QUESTION

# Prove that the value of $\sqrt {\dfrac{{1 + \sin \theta }}{{1 - \sin \theta }}} + \sqrt {\dfrac{{1 - \sin \theta }}{{1 + \sin \theta }}} = 2\sec \theta$

Hint: To solve these types of problems, let us rationalise the denominator and solve.
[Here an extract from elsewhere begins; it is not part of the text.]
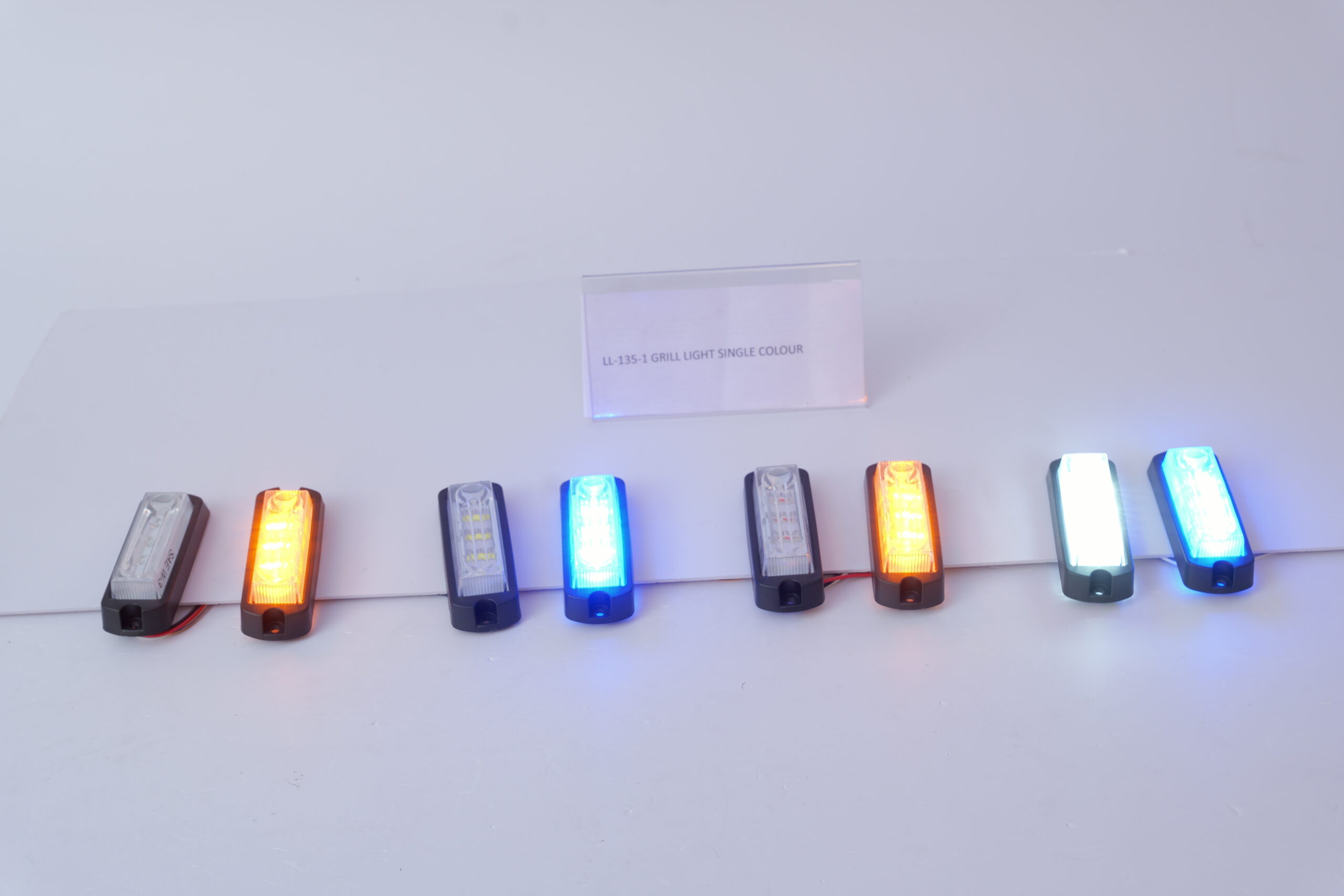 LED 135-1 Red/White/Blue/Amber - Image 3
The LHS given is $\sqrt {\dfrac{{1 + \sin \theta }}{{1 - \sin \theta }}} + \sqrt {\dfrac{{1 - \sin \theta }}{{1 + \sin \theta }}}$

So, let us now rationalise the denominators in both the terms
So, we get $\sqrt {\dfrac{{1 - \sin \theta }}{{1 + \sin \theta }} \times \dfrac{{1 - \sin \theta }}{{1 - \sin \theta }}} + \sqrt {\dfrac{{1 + \sin \theta }}{{1 - \sin \theta }} \times \dfrac{{1 + \sin \theta }}{{1 + \sin \theta }}}$
$= \sqrt {\dfrac{{{{\left( {1 - \sin \theta } \right)}^2}}}{{1 - {{\sin }^2}\theta }}} + \sqrt {\dfrac{{{{\left( {1 + \sin \theta } \right)}^2}}}{{1 - {{\sin }^2}\theta }}} \\ \\$
We know that ${\sin ^2}\theta + {\cos ^2}\theta = 1 \\ \\$
$\Rightarrow 1 - {\sin ^2}\theta = {\cos ^2}\theta \\ \Rightarrow \sqrt {1 - {{\sin }^2}\theta } = \cos \theta \\$
So, we get the equation as
$\dfrac{{1 - \sin \theta }}{{\cos \theta }} + \dfrac{{1 + \sin \theta }}{{\cos \theta }}$
On adding the two terms, we get
$\dfrac{{1 - \sin \theta + 1 + \sin \theta }}{{\cos \theta }} \\ = \dfrac{2}{{\cos \theta }} \\$
Since, cos and sec are reciprocal of each other, we can write the equation as
$2\sec \theta$ =RHS
Hence , the result is proved.

Note: Whenever, solving these type of problems, make use of the appropriate trigonometric identities in accordance to the RHS which has to be proved.